Nossa esperança é profética, pois a força
da Palavra inaugura o futuro. “Apesar de você, amanhã há de ser outro dia (…)”,
cantava Chico Buarque nos anos da ditadura. Era a palavra do poeta vencendo a
força bruta. Vivendo o tempo presente no coração da comunidade de fé, que é a
Igreja, sentimos que uma força maior se move em nós, nos comove para abrir-nos
em direção ao futuro, pois nossa esperança não se funda somente em Deus,
sentido radical do futuro ou, como diz o provérbio, que “o futuro a Deus
pertence”. Mas é o Senhor mesmo a quem esperamos e quem nos espera no futuro.
Isso que é ter esperança: esperar Deus mesmo!
A Festa de Cristo Rei
A festa que celebramos próximo dia 26, nos
faz contemplar a existência do universo, tão necessária para que surgisse o
grande presente de Deus, oferecido para toda a criação, que é Jesus. Dessa
forma, nossa esperança se sustenta também nos cantos dos bem-te-vis e sabiás;
nas rosas e margaridas; nas crianças e nas borboletas; nos homens e mulheres de
boa vontade; nas pedras e nos vulcões; nas nuvens, na lua e nos planetas; nas
estrelas e nas galáxias.
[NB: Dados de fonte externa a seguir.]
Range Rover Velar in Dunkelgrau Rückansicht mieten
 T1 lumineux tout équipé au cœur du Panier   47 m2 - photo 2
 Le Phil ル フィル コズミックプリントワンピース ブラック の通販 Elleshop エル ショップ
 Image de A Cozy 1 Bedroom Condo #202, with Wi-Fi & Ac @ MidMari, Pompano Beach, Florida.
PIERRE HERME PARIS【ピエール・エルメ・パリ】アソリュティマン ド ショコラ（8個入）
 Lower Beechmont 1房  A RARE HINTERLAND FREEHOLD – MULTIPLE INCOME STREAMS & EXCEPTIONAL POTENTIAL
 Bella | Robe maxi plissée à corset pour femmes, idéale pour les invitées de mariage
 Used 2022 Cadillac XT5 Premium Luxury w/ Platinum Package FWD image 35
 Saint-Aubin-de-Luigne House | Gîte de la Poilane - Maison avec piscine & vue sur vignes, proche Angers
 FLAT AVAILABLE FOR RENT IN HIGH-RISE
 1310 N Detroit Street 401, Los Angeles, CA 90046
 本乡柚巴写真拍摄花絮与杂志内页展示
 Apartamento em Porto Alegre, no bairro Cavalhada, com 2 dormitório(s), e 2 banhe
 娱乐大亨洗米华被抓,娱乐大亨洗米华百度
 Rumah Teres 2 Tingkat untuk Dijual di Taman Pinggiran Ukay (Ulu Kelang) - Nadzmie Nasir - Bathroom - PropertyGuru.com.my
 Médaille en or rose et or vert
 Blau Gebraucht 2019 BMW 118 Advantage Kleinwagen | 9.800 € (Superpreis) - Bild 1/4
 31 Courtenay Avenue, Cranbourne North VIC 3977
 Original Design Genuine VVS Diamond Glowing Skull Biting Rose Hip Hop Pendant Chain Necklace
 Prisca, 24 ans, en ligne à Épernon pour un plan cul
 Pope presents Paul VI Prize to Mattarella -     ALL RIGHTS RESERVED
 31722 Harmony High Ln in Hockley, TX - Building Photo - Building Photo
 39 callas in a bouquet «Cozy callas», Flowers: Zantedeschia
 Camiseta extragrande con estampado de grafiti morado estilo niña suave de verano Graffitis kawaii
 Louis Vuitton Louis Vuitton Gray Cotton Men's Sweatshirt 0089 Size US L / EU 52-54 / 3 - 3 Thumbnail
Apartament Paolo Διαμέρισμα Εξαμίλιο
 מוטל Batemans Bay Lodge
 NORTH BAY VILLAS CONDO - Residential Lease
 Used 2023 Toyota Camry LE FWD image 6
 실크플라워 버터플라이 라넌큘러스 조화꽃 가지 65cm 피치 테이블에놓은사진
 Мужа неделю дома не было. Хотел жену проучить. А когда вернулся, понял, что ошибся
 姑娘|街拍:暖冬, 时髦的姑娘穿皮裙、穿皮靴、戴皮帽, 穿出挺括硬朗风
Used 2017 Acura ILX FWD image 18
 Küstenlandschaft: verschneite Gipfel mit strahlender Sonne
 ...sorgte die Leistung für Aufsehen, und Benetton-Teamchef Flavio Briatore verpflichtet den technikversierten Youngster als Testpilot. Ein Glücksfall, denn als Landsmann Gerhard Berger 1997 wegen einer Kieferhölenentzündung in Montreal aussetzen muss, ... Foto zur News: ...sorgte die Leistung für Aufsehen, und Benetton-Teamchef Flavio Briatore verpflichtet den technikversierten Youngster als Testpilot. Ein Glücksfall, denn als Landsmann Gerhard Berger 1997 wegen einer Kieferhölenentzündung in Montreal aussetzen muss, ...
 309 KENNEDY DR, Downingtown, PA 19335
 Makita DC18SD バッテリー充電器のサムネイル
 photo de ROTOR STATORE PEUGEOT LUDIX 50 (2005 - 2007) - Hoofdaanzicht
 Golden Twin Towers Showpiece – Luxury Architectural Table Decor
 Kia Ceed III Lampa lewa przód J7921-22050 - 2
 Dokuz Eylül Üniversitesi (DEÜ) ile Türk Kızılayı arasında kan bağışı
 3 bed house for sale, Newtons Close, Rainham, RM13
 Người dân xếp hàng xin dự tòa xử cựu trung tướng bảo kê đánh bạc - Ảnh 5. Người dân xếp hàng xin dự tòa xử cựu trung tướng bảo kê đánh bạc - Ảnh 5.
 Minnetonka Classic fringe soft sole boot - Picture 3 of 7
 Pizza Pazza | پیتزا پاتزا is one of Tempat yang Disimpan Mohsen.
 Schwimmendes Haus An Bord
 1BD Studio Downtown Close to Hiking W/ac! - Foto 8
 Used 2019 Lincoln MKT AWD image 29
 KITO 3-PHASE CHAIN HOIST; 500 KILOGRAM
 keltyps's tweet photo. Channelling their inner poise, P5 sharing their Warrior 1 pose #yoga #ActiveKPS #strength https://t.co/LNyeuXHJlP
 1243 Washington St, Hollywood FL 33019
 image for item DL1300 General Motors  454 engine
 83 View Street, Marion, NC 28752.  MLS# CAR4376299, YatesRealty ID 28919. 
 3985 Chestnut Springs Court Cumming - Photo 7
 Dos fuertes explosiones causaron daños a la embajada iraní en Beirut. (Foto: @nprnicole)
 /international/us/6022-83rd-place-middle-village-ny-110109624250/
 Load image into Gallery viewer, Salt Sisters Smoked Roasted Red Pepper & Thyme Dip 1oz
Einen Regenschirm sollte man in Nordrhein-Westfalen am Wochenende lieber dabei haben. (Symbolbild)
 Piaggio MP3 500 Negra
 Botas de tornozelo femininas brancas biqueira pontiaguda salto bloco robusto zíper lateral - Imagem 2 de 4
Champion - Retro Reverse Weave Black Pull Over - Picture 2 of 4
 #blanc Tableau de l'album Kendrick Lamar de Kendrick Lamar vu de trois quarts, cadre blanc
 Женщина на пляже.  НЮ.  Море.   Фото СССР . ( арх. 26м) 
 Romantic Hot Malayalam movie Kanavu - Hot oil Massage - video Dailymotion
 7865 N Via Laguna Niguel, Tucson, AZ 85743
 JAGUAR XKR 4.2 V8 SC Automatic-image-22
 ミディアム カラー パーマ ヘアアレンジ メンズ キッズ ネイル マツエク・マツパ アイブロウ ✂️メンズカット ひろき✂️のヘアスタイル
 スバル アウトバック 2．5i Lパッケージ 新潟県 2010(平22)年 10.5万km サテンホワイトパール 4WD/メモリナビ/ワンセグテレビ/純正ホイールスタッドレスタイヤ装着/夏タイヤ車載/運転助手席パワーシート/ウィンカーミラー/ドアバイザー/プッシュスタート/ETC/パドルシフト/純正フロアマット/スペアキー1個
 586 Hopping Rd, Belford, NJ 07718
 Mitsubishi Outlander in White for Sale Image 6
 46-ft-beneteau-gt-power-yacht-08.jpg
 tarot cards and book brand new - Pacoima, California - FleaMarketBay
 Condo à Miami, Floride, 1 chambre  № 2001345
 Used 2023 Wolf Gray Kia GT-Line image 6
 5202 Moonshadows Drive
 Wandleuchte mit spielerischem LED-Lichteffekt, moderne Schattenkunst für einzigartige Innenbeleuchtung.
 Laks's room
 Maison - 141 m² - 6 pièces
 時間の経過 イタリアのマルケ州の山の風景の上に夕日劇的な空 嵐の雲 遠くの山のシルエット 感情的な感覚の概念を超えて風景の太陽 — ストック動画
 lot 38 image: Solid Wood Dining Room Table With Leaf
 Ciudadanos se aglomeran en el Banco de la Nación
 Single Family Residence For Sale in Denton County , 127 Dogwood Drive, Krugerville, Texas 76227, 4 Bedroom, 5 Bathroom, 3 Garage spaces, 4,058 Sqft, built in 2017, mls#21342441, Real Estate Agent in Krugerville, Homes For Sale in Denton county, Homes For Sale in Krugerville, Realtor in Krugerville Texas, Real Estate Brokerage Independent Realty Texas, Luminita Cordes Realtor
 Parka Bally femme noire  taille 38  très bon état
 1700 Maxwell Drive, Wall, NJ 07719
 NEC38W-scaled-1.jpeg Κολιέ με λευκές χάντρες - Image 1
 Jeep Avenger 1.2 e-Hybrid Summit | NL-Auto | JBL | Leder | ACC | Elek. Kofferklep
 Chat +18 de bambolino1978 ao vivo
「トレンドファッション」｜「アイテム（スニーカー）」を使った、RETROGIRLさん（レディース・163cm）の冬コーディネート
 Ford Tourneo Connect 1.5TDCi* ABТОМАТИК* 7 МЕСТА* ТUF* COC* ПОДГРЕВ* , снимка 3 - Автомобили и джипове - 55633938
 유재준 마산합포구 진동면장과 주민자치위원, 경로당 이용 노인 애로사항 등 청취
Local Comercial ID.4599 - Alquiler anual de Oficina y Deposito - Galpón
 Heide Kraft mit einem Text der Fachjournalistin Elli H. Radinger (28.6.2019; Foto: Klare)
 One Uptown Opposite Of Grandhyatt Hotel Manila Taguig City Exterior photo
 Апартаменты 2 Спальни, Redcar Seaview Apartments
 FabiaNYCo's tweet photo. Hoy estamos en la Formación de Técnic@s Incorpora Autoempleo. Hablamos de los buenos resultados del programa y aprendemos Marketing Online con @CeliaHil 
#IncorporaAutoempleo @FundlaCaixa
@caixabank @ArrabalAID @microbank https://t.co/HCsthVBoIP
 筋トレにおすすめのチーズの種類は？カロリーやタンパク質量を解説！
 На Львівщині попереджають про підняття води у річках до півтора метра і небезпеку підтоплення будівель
Se existe tudo isso e não o nada, nossa esperança tem
pé, cabeça e coração.
Assim, como São Paulo, vivemos na
esperança, mas sabendo de seu tríplice fundamento: aquele da evolução do
universo, que culminou em Jesus, pelo dom de Maria; aquele que é Jesus, que,
por nós se doou na cruz, abrindo para nós um modo de viver para Deus e para os
outros, o que é verdadeira salvação; e aquele que é a Igreja, a nossa comunidade
de fé, que nos lança e sustenta na abertura radical ao futuro, esperando Deus
que vem e que nos acolhe com amor infinito, por meio do seguimento de Seu
Filho, por quem recebemos a vida e a plenitude da graça de Deus.